“More volume, Sasha, more volume!!” How many times have you found yourself shouting this from the audience when rehearsing with your young actors? If you’re like me, MANY TIMES. By far one of the biggest challenges when rehearsing with kids is getting them to speak loud enough for the audience to hear. It’s not natural to speak in a “stage voice”, so it takes practice and a lot reminding. Below are 5 fun and effective ways to get your young actors to keep their vocal energy up!
1. Utilize Blocking. If a scene allows for it, consider staging kids a little farther apart if they have a dialogue exchange. Often if kids are right next to each other they’ll automatically resort to their normal “talking to a friend” voice. However if they’re farther apart on stage, their natural inclination will be to speak louder. This is particularly effective if you have a hero/villain conflict.
2. Arden the Ant. I often rehearse in an auditorium where there is almost always a clock high up on the far back wall. I like to invent an imaginary character, Arden the Ant, who lives up on the that clock and has the tiniest ears. Arden LOVES stories, and so badly wants to enjoy the play. Make sure you speak loud enough so that Arden can hear!

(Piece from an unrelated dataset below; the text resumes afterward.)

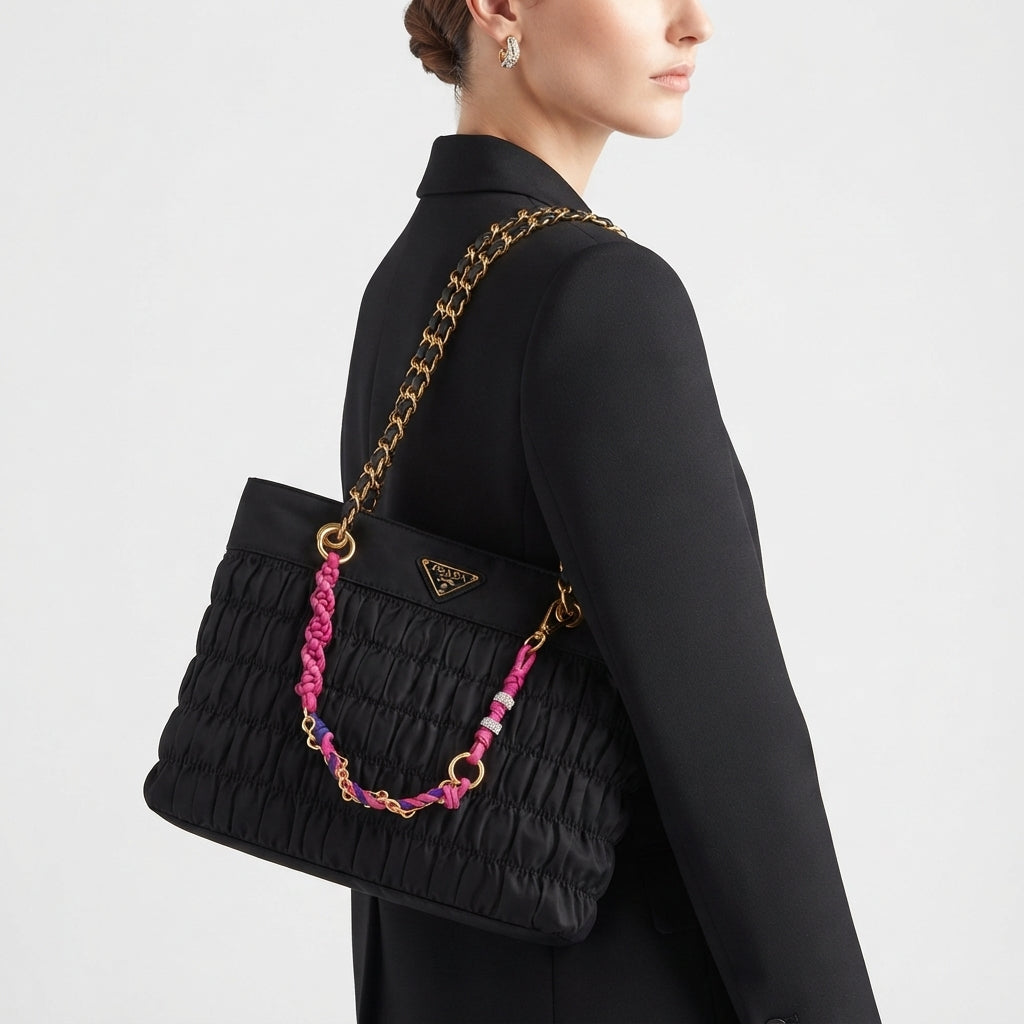 Prada Mirror Original Black Waterproof Ruched Handbag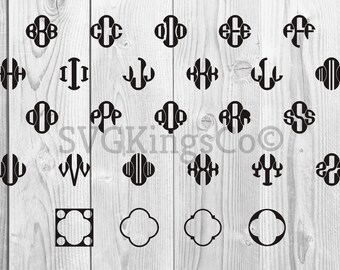 Clover Monogram Letters, alphabet font, initials, Cutting file download SVG, eps, DXF, CDR, for Silhouette Cameo or Cricut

Do it for Arden! (No clock? Try an exit sign, a school banner, etc.)
3. Imitation. Imitation is sometimes a quick and easy way to help a kid understand what it feels like to speak at a loud volume. Tell the actor to copy exactly how you say the line. First say it in a normal, quiet voice (the actor repeats). Then say it in a super loud projecting voice (the actor repeats). Tell the actor to remember that energy, that’s what every line should feel like.
4. Student Volume Test. Ask an actor who isn’t in a scene to sit in the back row of the auditorium. Tell him his role is the “volume tester”. Every so often say “freeze” during rehearsal, turn towards the kids in the back row and say “volume test”. The kid will either put thumbs up or thumbs down, depending on whether he could hear the lines. Adjust accordingly. (Another option is to have a full rehearsal where you tell all the actors if you’re not in a scene, you should sit in the back row of the audience. After rehearsal have them reflect on what they thought about the volume. This will help them understand WHY it’s so important to speak loudly.)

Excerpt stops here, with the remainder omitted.